Si les problématiques d’excédents de balance courante sont bien à la source des déséquilibres induisant le chômage aux Etats-Unis et en Europe, les travailleurs chinois ne volent pas leur travail aux américains. En tout cas, pas pour les raisons brandies avec facilité par les protectionnistes. Ces surplus – constituant en réalité une épargne massive qui coupe l’herbe sous les pieds de la croissance – se transforment en un authentique « piège à liquidités » (« liquidity trap » en anglais).
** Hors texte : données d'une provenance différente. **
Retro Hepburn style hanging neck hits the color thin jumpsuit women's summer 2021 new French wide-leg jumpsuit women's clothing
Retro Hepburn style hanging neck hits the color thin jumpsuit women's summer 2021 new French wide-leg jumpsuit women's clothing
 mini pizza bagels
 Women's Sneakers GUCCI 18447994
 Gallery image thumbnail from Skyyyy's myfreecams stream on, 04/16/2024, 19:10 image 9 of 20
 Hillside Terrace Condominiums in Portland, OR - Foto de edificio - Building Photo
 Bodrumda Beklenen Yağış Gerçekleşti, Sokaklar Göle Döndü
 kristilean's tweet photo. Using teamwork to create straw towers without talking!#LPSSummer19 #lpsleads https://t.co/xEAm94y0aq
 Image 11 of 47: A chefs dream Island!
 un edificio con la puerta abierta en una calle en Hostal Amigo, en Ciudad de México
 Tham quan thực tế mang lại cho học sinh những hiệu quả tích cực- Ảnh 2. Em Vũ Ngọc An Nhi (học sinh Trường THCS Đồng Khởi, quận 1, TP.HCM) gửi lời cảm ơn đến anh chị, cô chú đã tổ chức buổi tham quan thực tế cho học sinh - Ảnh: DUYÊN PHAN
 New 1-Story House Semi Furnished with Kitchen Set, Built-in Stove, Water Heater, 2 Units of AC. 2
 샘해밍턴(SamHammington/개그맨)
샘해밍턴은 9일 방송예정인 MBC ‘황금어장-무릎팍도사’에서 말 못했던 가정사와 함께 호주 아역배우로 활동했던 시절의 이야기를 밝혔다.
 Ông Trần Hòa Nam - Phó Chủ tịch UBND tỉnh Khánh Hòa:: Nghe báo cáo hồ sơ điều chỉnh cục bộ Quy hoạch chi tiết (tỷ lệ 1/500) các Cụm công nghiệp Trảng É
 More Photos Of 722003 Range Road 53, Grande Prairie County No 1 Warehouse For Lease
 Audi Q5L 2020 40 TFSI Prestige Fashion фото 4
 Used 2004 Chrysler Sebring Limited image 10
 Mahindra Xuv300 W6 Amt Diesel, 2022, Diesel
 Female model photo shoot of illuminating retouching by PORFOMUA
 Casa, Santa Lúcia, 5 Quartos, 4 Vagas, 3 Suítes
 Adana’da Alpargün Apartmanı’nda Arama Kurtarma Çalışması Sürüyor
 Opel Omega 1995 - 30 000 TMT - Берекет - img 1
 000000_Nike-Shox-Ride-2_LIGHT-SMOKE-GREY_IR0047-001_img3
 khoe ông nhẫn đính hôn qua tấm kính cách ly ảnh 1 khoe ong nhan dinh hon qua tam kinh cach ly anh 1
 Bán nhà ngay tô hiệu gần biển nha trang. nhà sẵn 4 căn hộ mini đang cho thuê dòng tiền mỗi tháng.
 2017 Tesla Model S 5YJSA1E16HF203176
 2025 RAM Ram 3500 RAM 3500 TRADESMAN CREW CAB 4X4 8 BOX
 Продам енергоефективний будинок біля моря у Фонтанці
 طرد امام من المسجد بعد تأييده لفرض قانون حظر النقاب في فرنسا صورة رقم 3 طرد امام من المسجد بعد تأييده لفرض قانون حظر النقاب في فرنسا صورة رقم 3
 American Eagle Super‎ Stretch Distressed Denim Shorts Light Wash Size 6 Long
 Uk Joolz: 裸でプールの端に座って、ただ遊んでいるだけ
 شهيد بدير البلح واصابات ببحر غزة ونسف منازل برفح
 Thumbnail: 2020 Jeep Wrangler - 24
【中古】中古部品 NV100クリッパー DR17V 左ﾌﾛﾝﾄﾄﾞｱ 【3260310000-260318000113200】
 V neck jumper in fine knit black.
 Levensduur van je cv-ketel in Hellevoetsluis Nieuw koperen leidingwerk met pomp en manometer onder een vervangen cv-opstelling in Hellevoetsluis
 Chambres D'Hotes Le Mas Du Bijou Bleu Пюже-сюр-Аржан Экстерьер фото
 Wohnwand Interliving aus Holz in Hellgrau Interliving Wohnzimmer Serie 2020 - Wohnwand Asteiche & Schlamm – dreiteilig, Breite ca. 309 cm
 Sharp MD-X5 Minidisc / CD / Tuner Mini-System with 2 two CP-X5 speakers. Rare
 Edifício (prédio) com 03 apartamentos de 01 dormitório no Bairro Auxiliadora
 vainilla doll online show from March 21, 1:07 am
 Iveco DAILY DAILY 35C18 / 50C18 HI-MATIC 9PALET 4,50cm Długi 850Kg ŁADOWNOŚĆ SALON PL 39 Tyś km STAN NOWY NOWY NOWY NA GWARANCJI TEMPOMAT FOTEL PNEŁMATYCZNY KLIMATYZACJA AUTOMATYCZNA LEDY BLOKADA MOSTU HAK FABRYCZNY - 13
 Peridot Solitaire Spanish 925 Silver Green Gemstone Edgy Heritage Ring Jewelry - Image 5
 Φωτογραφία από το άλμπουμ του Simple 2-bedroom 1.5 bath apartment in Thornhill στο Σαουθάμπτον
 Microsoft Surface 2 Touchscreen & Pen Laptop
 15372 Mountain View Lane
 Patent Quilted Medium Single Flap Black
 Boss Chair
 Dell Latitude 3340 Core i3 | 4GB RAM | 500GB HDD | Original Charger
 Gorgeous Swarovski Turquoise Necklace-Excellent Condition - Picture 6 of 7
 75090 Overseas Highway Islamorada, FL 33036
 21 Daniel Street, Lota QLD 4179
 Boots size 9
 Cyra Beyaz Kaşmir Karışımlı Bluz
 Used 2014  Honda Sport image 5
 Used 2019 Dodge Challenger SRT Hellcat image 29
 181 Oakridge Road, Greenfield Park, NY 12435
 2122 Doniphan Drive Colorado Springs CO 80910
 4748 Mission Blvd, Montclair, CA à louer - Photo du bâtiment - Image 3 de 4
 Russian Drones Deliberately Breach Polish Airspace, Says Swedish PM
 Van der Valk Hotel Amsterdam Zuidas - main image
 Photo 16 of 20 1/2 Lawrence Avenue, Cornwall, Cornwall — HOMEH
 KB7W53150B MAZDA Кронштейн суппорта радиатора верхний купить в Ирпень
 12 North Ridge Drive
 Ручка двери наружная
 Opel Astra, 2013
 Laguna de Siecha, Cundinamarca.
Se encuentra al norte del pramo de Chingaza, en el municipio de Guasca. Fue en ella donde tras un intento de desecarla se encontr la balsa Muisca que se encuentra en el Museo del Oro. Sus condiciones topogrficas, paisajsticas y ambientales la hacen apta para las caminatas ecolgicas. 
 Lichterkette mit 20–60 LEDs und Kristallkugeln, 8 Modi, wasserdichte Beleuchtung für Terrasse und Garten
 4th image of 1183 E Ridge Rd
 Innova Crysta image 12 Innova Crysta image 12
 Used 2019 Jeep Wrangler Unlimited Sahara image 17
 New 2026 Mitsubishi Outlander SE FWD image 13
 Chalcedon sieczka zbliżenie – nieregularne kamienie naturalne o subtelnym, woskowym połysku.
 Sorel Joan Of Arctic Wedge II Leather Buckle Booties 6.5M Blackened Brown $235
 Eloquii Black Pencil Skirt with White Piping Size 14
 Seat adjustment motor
Déversées même partiellement en direction de l’économie réelle, ces sommes conservées « au chaud » et à l’abri des aléas permettraient en effet une formidable reprise de la croissance mondiale. Voilà pourquoi les chinois et même les suisses, voire les norvégiens (dont l’excédent de balance courante dépasse 70 milliards de dollars), compriment l’emploi aux Etats-Unis. Et n’évoquons pas les ravages des excédents allemands sur les emplois du reste de l’Europe.

 

Pour autant, les Etats-Unis et leur activation frénétique de leur planche à billets sont, de très loin, les premiers responsables de ces liquidités déversées par milliers de milliards de dollars sur notre système globalisé. C’est en effet leurs taux frôlant le zéro absolu et leurs multiples stimuli qui ont précipité l’avènement de ce piège à liquidités qui s’est refermé sur eux. En d’autres termes, la Réserve Fédérale américaine qui croyait, à la faveur de sa création monétaire pharaonique, mettre de l’huile dans ses rouages économiques a instauré un phénomène décrit en son temps par Keynes qui est « le paradoxe de l’épargne ». Par crainte de l’avenir, ces liquidités, qui se transforment en épargne, réduisent du coup la consommation et l’activité. Jusqu’à ce que ce phénomène ne réduise à son tour la valeur même de cette épargne ! Trop d’épargne tuant ainsi l’épargne : c’est la métaphore du cinéma où une personne qui se lève peut certes mieux voir mais où plus personne ne voit plus rien dès lors que tous les spectateurs se lèvent en même temps… Notre planète étant un jeu à somme nulle, plus personne, plus aucun Etat –fussent-ils les Etats-Unis d’Amérique – ne peut plus mettre en place impunément des stratégies individuelles et strictement nationales car celles-ci se retournent contre lui comme un boomerang, faute de concertation internationale. Voilà pourquoi les chinois pas – plus que les suisses – ne volent le travail des américains.

 

1 – la balance courante (en anglais: current account balance) indique le solde des mouvements de biens et de services ainsi que les flux de revenus de placement entre un pays et le reste du monde.